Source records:
Start of Block

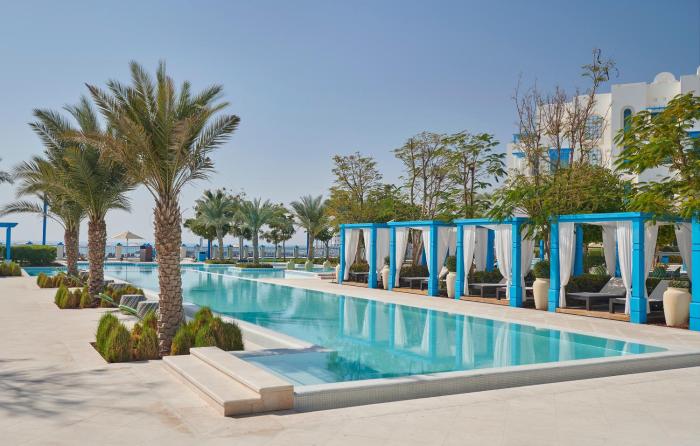 hilton salwa beach resort and villas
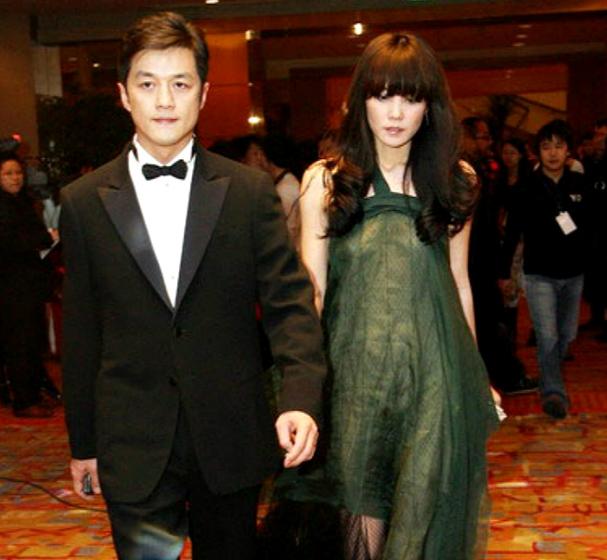 王菲刘涛背后的男人都是投资奇才，李亚鹏为四千万下跪，王珂破产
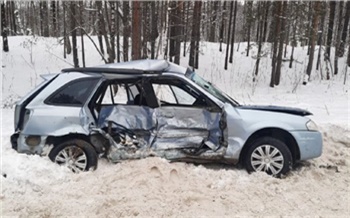 На трассе в Красноярском крае лоб в лоб столкнулись две иномраки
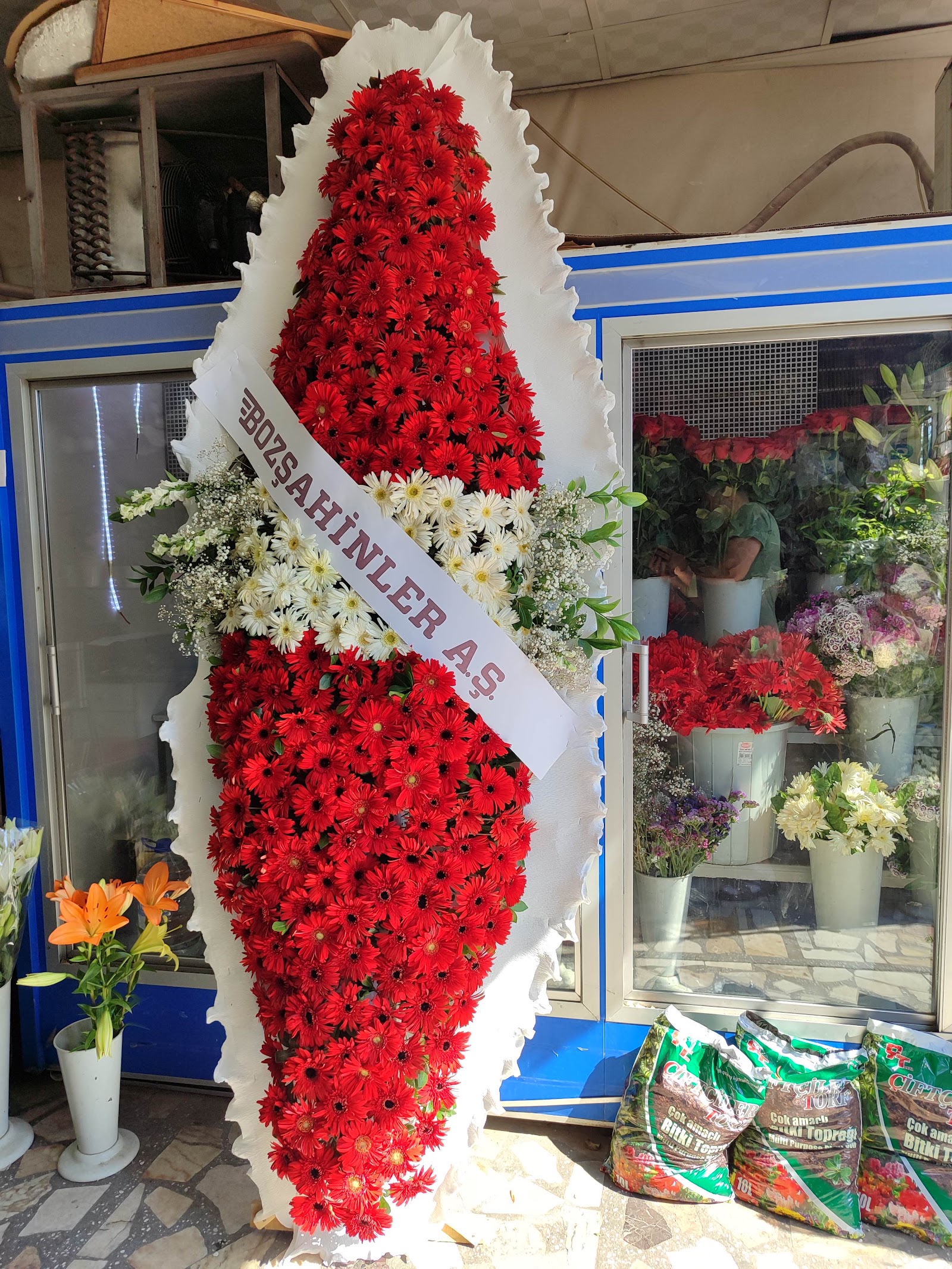 GAZİEMİR ÇİÇEKÇİLİK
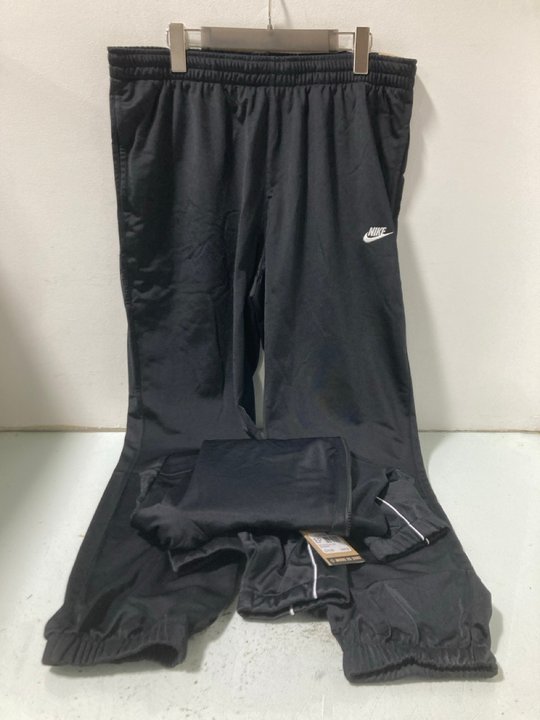 Lot 1186  
            Marchington SR13 - Parcel Delivery Only 

                
NIKE MENS BLACK TROUSERS AND SWEATSHIRT - UK SIZE: LARGE - COMBINED ORIGINAL RRP:...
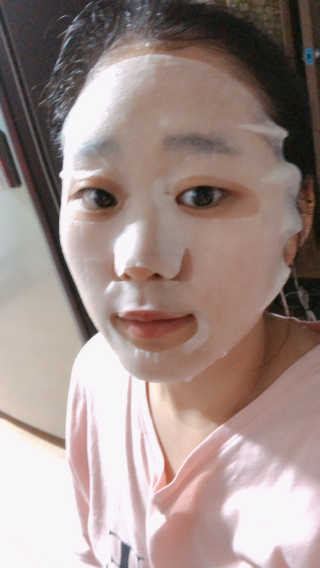 먼데이 투 썬데이 MONSUN 원 위크 트리트먼트 마스크 — 4.5점을 준 리뷰어가 2019년 4월 올린 사용 사진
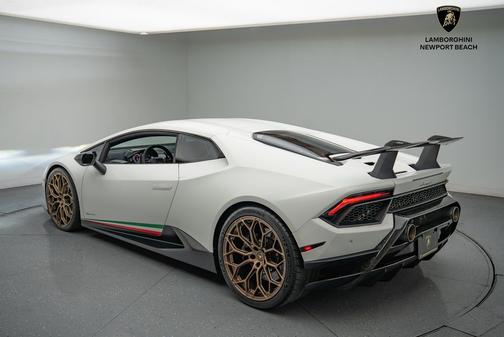 2018 Lamborghini Huracan LP 640-4 Performante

End of Block

Each entry above should be written out again exactly, without its pictures.

 hilton salwa beach resort and villas
 王菲刘涛背后的男人都是投资奇才，李亚鹏为四千万下跪，王珂破产
 На трассе в Красноярском крае лоб в лоб столкнулись две иномраки
 GAZİEMİR ÇİÇEKÇİLİK
 Lot 1186  
            Marchington SR13 - Parcel Delivery Only 

                
NIKE MENS BLACK TROUSERS AND SWEATSHIRT - UK SIZE: LARGE - COMBINED ORIGINAL RRP:...
 먼데이 투 썬데이 MONSUN 원 위크 트리트먼트 마스크 — 4.5점을 준 리뷰어가 2019년 4월 올린 사용 사진
 2018 Lamborghini Huracan LP 640-4 Performante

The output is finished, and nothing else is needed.